Throughout her speech, Mock emphasized the importance of storytelling. “It gave me visibility and voice and allowed me to shift conversations such as living at the intersections of gender, race, and class, how restrictive gender expectations oppress us all, and the significance of media representation.”
She began with her own story of living in conflict as a young person to “express femininity in a culture that often demeans and devalues feminine people, is binary-prone, and mandates that if you are born with certain body parts, you are not allowed to express who you truly are.”
Mock said many black transgender women are struggling with interconnected issues of homelessness, joblessness, and lack of access to health care and education. “Our history as trans and queer people of color fighting against poverty, policing, brutality, hunger, racism, misogyny, and HIV/AIDS is deep,” she said. “Yet despite the tragedies, there is great resilience in our communities.”
“We must remember that telling our stories can be met with love, understanding, transcendence, and community, which has brought all of us here.”

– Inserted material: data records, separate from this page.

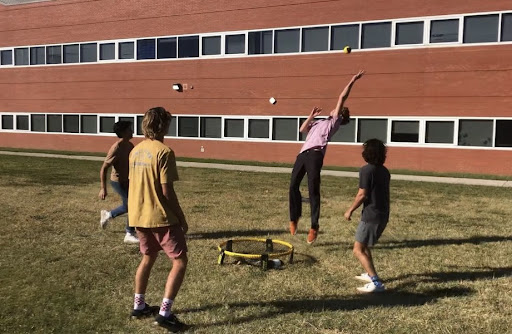 Spikeball club members, JP Estrada, Jack Hancock, Andrew Luksik, and Landon Luzak compete in the club tournament on Oct. 19, 2022, at Ocean Lakes High School.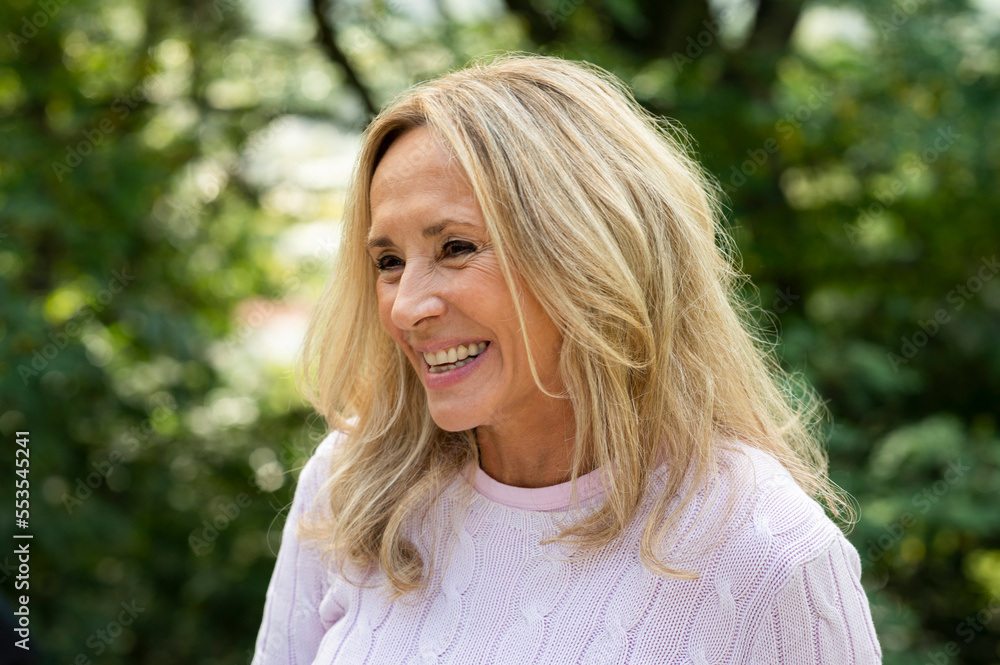 Portrait of middle aged woman smiling while enjoying time outdoors Portrait of middle aged woman smiling while enjoying time outdoors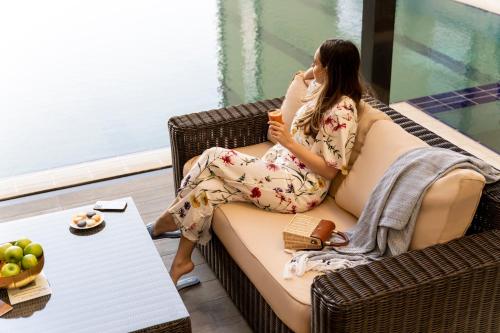 a woman sitting on a couch talking on a cell phone at Ibis Jeddah Malik Road in Jeddah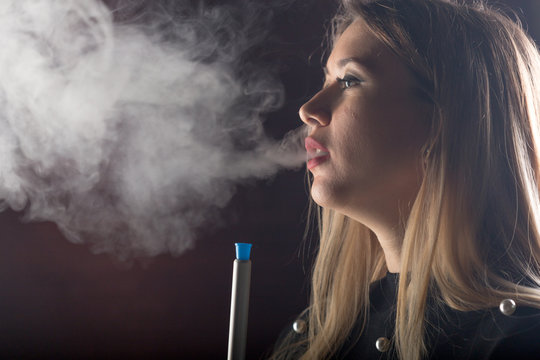 Young, beautiful girl smokes a hookah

Mock charged the audience to use its voice, story, privilege, and access to ignite change, and offered guidance “toward becoming more conscious partners in the struggle:”
- Realize allyship is not a label or identity but an action that requires self-education.
- Don’t be basic: Keep it intersectional.
- Remember when you donate your skills, time, and/or money, you are working with a group of people who are already working toward their own liberation.
- Recognize your privilege and use the access that it has given you to uplift marginalized voices.
As AASU Black History Chair Raianna Brown reflected, “I was moved by the vulnerability and realness of Janet Mock. At the end of the lecture, she opened up about the difficulties in being strong for your community and how becoming a symbol can sometimes be alienating. However, you can draw strength to keep going from those who came before us.”
“This lecture was one of the most inspirational events that I have seen at Georgia Tech,” said Archie Ervin, vice president for Institute Diversity. “It takes tremendous courage to share your own journey publicly, and the Georgia Tech community immediately embraced her story — rewards and challenges alike.”
To learn more about the Black History Month Lecture, visit www.diversity.gatech.edu. Members of the Georgia Tech community who are interested in learning more about transgender issues can register for Trans 101 trainings at www.lgbtqia.gatech.edu/trans-101.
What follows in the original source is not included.